[INFORMATION SUPPLIED — start]

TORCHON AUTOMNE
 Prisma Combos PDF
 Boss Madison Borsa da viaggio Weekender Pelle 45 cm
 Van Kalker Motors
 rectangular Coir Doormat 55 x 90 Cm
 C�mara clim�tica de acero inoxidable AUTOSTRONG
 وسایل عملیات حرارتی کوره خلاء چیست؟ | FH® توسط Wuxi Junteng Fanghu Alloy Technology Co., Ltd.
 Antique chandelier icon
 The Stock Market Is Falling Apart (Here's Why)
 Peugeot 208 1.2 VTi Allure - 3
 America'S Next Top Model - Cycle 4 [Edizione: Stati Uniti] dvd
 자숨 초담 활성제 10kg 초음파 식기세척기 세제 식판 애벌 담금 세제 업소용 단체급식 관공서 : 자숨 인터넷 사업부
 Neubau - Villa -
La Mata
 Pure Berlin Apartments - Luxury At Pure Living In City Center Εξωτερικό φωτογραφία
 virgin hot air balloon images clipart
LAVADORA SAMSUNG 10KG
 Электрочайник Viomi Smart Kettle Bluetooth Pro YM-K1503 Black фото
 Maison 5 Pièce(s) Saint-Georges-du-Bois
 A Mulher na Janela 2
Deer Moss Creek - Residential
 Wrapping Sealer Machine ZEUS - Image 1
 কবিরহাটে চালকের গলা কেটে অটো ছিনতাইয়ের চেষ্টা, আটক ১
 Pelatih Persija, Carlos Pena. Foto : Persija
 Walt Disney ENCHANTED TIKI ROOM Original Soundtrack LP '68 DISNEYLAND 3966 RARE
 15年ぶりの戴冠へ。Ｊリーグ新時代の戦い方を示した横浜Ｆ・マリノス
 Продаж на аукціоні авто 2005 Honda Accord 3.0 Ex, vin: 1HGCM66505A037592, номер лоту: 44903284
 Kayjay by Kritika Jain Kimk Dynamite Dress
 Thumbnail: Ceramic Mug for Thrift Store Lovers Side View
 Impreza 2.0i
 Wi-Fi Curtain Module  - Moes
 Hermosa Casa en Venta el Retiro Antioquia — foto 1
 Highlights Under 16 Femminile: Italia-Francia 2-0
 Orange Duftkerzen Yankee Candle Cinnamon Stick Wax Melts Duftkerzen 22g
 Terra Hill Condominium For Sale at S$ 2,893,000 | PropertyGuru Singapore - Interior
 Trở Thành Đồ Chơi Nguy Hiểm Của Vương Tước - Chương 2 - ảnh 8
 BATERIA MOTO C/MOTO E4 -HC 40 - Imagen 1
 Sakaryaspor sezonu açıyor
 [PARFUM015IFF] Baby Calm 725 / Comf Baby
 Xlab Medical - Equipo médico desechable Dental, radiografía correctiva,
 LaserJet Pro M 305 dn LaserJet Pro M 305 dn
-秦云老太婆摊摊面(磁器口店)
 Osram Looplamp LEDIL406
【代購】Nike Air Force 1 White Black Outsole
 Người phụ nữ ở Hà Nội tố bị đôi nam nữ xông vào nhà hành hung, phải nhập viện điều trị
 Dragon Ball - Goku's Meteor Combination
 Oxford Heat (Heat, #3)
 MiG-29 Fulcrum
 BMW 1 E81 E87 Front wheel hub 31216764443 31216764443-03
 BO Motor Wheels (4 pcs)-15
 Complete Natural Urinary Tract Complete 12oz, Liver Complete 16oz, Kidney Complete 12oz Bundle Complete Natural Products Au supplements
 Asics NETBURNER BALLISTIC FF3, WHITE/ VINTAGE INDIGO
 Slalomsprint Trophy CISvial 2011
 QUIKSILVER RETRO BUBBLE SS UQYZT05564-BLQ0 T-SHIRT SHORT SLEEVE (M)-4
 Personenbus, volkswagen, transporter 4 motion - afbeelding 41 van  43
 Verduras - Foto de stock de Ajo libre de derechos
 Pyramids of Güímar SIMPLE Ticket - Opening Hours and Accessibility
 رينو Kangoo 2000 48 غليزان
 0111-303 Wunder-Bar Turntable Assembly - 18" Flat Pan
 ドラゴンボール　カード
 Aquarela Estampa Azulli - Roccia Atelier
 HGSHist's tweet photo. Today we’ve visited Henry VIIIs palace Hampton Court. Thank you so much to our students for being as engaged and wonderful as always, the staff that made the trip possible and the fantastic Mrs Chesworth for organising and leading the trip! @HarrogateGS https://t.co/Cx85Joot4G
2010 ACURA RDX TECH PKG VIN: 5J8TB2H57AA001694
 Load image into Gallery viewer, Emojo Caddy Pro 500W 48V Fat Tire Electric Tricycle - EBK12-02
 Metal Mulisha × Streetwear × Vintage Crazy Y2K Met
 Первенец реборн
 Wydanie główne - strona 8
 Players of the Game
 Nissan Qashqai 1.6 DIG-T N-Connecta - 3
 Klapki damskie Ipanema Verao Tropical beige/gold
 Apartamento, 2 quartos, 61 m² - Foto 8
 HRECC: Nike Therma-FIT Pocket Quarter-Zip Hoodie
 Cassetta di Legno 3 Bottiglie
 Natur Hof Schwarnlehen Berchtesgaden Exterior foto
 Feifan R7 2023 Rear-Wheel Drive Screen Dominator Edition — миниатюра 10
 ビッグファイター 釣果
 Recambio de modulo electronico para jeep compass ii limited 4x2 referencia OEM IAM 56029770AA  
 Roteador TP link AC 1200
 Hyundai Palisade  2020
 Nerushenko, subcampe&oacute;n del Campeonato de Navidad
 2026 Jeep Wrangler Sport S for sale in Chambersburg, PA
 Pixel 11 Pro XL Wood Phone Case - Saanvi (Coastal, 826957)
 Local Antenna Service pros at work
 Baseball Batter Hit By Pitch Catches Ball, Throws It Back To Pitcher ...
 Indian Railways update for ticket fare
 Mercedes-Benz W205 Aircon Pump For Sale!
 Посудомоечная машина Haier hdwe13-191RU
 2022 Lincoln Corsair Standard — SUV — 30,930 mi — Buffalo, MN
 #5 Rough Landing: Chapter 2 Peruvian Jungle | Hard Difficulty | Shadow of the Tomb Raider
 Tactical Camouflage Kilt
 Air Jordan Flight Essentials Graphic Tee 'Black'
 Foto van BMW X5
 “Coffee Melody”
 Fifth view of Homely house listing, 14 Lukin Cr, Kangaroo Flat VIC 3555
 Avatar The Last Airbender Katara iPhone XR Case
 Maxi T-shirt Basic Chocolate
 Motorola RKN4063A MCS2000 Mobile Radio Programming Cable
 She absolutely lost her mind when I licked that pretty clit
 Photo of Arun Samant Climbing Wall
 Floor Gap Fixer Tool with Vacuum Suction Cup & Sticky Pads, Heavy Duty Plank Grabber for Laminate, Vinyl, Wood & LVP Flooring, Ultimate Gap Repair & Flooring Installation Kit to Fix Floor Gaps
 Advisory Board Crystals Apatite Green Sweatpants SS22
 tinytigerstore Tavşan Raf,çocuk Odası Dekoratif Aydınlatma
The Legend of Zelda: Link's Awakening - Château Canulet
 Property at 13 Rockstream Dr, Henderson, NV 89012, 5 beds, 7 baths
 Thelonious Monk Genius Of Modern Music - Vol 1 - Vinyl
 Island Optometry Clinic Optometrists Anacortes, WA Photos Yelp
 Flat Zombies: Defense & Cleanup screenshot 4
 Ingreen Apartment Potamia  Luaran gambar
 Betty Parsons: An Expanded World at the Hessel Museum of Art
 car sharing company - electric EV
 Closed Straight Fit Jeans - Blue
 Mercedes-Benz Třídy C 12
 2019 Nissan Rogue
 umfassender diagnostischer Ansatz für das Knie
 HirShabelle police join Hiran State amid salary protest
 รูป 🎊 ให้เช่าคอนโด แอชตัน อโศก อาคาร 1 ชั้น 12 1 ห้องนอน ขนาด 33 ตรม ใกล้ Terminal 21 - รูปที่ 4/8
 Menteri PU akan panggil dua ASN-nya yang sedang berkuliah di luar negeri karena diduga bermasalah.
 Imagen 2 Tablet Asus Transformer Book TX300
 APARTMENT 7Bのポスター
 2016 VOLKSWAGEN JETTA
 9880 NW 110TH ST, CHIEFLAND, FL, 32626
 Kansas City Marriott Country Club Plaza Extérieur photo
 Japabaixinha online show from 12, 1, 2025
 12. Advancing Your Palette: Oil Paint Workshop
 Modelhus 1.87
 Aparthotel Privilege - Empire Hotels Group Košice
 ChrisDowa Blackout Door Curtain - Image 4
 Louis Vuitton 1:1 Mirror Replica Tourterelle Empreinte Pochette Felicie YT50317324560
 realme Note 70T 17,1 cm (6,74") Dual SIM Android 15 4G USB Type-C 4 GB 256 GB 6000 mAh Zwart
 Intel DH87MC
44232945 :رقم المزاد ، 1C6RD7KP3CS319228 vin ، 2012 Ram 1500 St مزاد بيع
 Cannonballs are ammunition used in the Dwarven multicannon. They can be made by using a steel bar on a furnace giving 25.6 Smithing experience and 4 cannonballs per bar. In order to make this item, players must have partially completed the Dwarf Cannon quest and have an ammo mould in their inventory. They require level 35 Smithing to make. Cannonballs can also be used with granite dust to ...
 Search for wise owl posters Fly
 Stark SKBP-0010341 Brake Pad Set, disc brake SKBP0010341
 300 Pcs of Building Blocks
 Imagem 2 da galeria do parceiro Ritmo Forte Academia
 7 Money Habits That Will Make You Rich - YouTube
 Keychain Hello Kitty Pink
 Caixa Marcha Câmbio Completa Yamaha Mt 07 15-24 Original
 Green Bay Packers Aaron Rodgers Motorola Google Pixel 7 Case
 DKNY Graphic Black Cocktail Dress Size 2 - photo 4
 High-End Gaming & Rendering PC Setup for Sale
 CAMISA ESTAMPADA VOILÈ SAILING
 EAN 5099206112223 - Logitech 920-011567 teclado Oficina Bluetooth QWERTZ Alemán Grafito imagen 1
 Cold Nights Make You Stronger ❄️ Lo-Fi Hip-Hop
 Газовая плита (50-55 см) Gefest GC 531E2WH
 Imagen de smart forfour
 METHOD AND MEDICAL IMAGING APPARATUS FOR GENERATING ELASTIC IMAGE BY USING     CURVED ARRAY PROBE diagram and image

[INFORMATION SUPPLIED — finish]

ASSIGNMENT:
Scan the data for lines containing "Bluetooth" and copy all of them.

ANSWER AREA:
 Электрочайник Viomi Smart Kettle Bluetooth Pro YM-K1503 Black фото
 EAN 5099206112223 - Logitech 920-011567 teclado Oficina Bluetooth QWERTZ Alemán Grafito imagen 1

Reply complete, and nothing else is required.